In the last six years, the National Labor Relations Board (made up of majority Bush appointees) has issued 61 legal decisions in a row against the interests of working families. The anti-worker decisions include exempting 17 million workers from the law’s jurisdiction, enshrining double standards for intimidation, and making it as easy as possible to get rid of a union.

The enforcement mechanisms of labor laws covering union organizing are so broken down that Human Rights Watch has named the United States as a human rights violator four years in a row. The United Nations labor body, the International Labor Organization, is investigating the AFL-CIO complaint against the U.S. government for violations of the fundamental freedom of association: the right to organize a union.

That single factor — the effort governments make to protect the right to join or form a union — is the measurable statistic that stands in support of societies leapfrogging over American living standards in everything from juvenile health to broadband speed.
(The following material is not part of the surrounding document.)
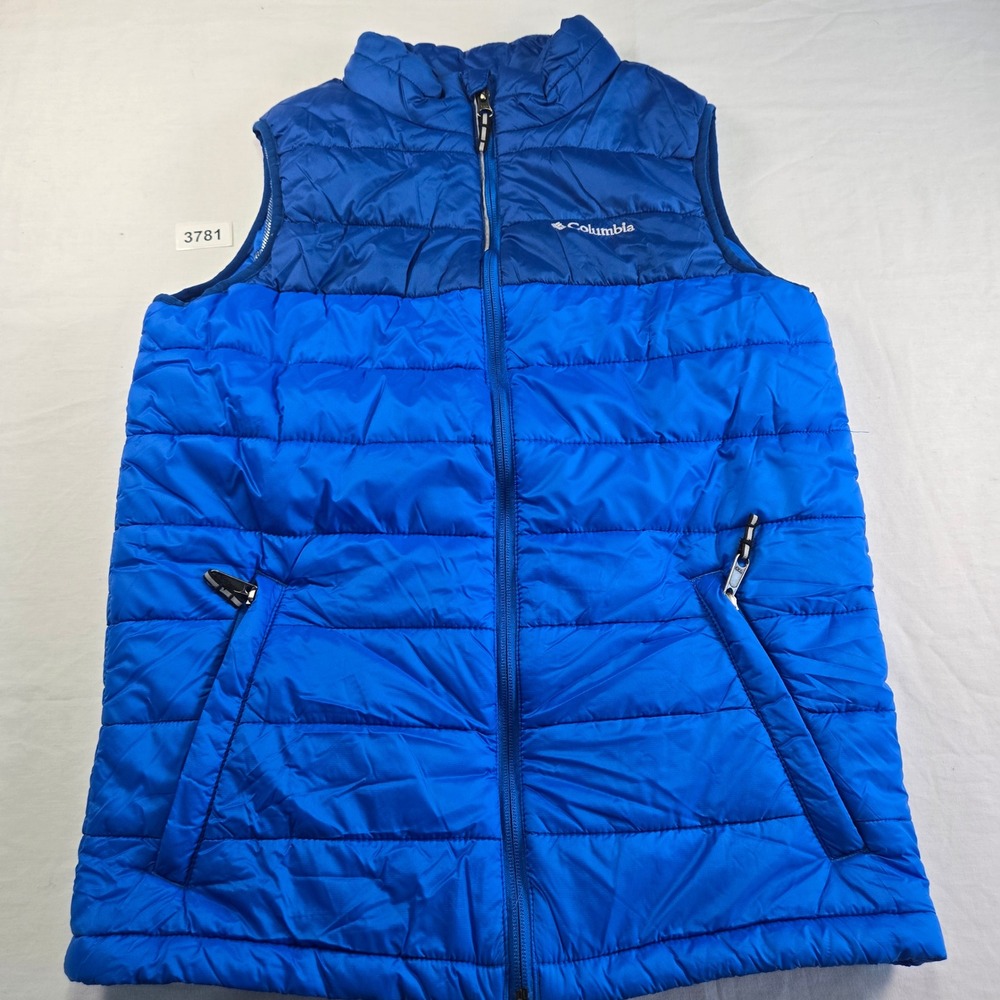 Columbia KIDS Omni Heat Puffer Vest Blue Insulated Padded Outdoor XL Classic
It leads the decline of economic opportunity here in the U.S. We want a better society and everything that comes with that so we must change the laws that protect the freedom to organize. 
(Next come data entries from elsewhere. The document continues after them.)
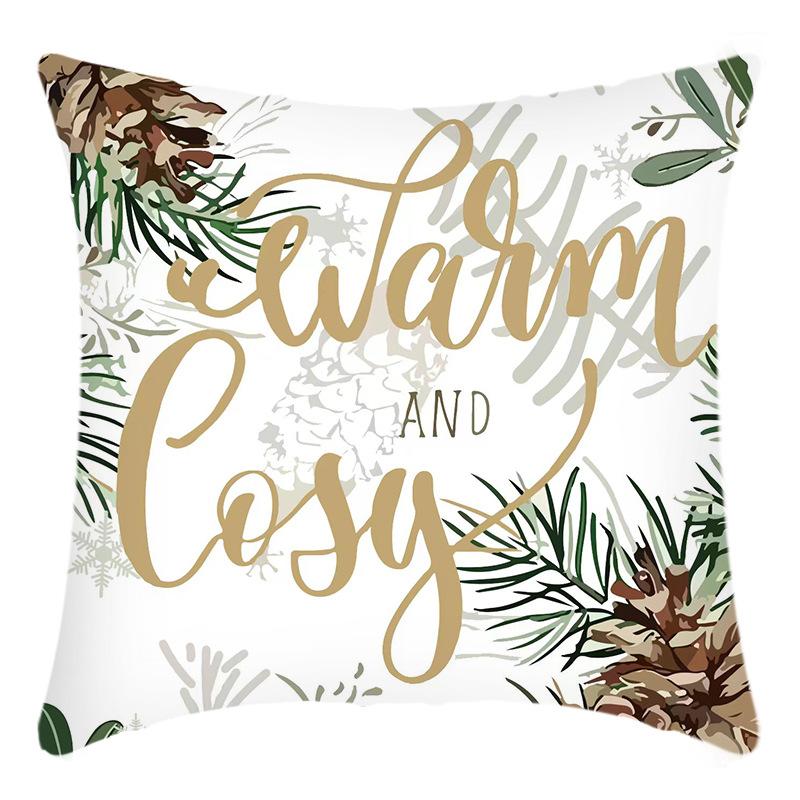 New Christmas Pillowcase Christmas Tree Decoration Print Decoration Holiday Pillowcase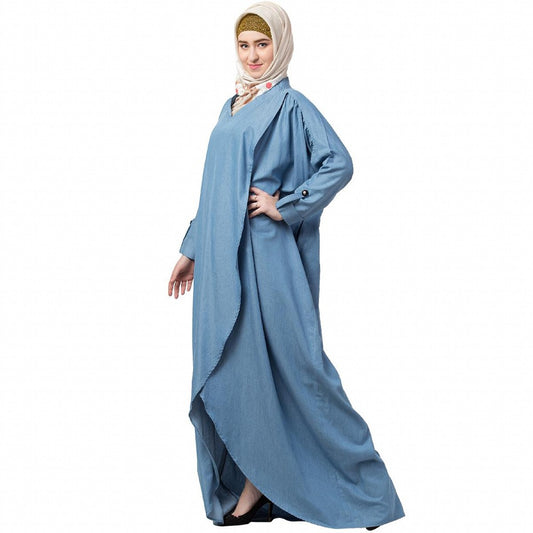 Loose fit Denim abaya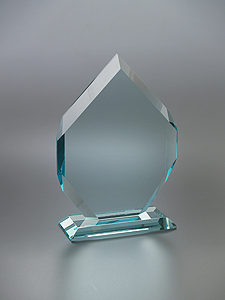 Picture of Small Mallory Jade Crystal Award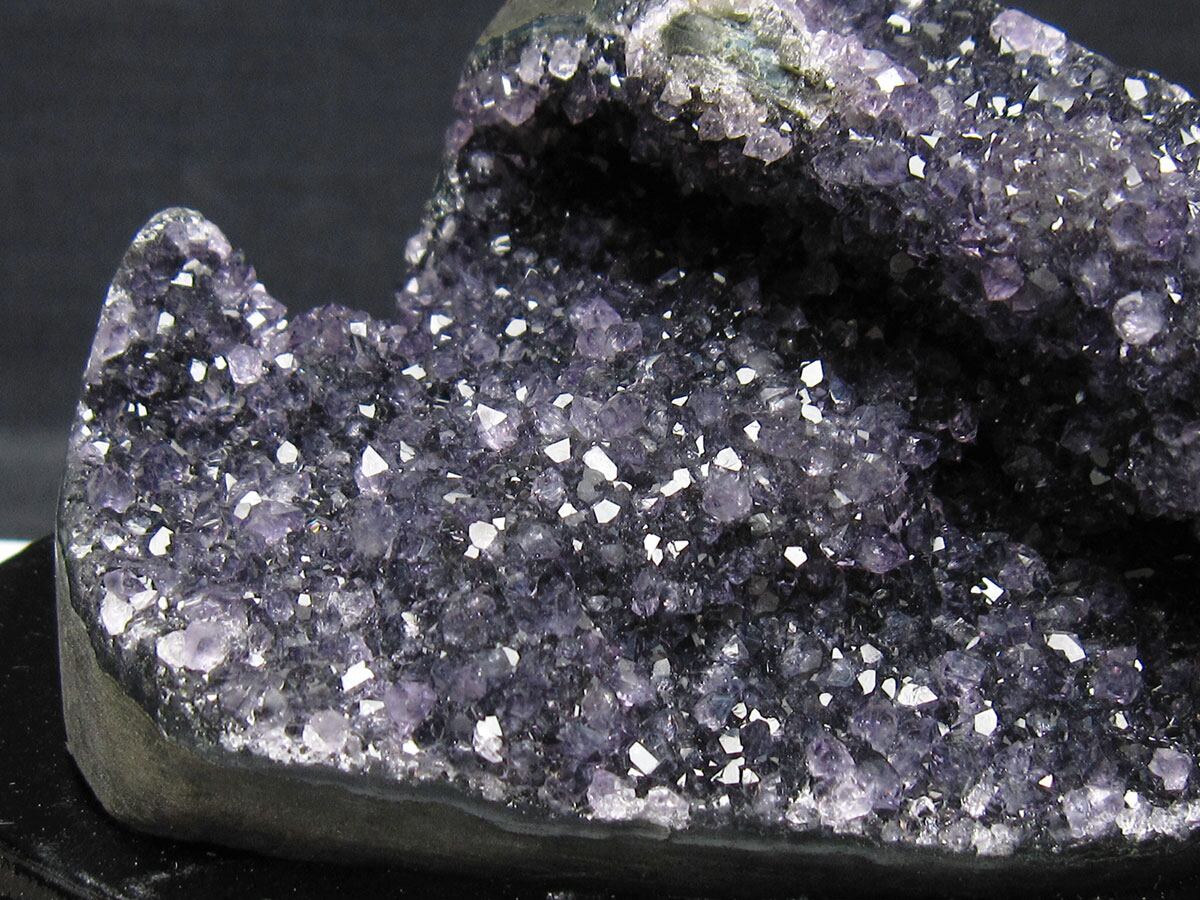 アメジスト 原石 ウルグアイ産 アメジスト クラスター amethyst 台座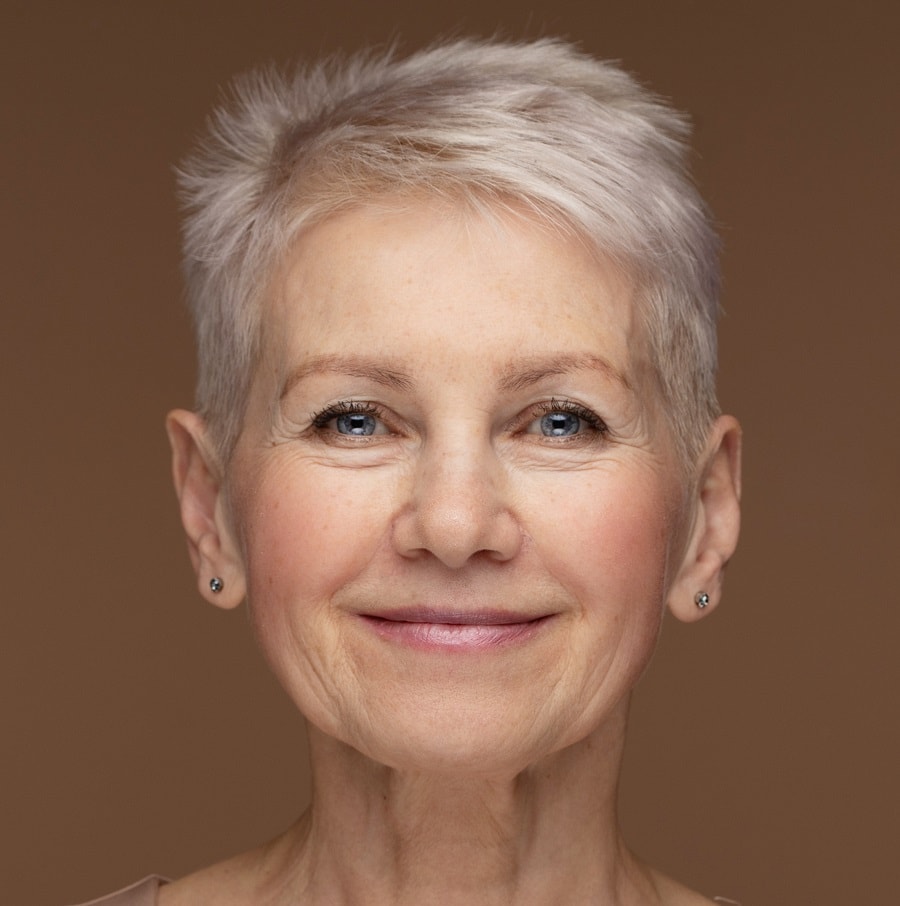 low maintenance pixie cut for women over 60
The corporate consultants are campaigning hard against card check legislation. They use an inaccurate analogy to defeat the bill. Internet and TV advertising attacks this legislation with union organizers depicted as characters from “The Sopranos” accompanying voters in the voting booth. The corporate spin is that to do anything other than a secret ballot is un-American. The spin is slick and completely false. If U.S. elections were like labor board elections, the challenger would never be allowed in the district, could never talk face to face with the voters or advertise in the district and would always lose. It’s a wonder unions ever win.
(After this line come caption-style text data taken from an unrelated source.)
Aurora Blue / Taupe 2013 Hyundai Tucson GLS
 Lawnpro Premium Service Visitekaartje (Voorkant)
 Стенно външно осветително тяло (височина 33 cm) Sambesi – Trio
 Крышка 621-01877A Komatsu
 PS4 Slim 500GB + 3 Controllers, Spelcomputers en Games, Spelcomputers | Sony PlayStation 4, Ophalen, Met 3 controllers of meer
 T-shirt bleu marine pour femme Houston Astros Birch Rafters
Soviet-style democracy included elections. There were just as many elections in the old Eastern bloc nations as here in the U.S. The politburo incumbents never lost at the ballot box in elections supervised by the party and the secret police. The billion-dollar-a-year anti-union consultant industry gives employers the ability to bring an Eastern bloc-style election to the American workplace, including electronic surveillance and intimidation. Corporations have come to love this style of election, as the campaigns are choreographed by the anti-union consultants and supervised by the labor board. For 50 years, it’s been the employer’s choice to begin bargaining based on signatures or going through an election process. The Employee Free Choice Act, also called the card check bill, will reverse that process and allow the employees to decide.

Making organizing relatively easy will increase the market share of unions to a critical mass, forcing even nonunion employers to compete for labor by offering better conditions. This makes bargaining gains in the union sector easier to accomplish without confrontations or strikes.

When you are asked by Local 802 to volunteer some of your time to work on politics this year, please consider how vital it is for American unions to develop the political power to change the laws protecting the freedom to organize. It’s our future: help shape it.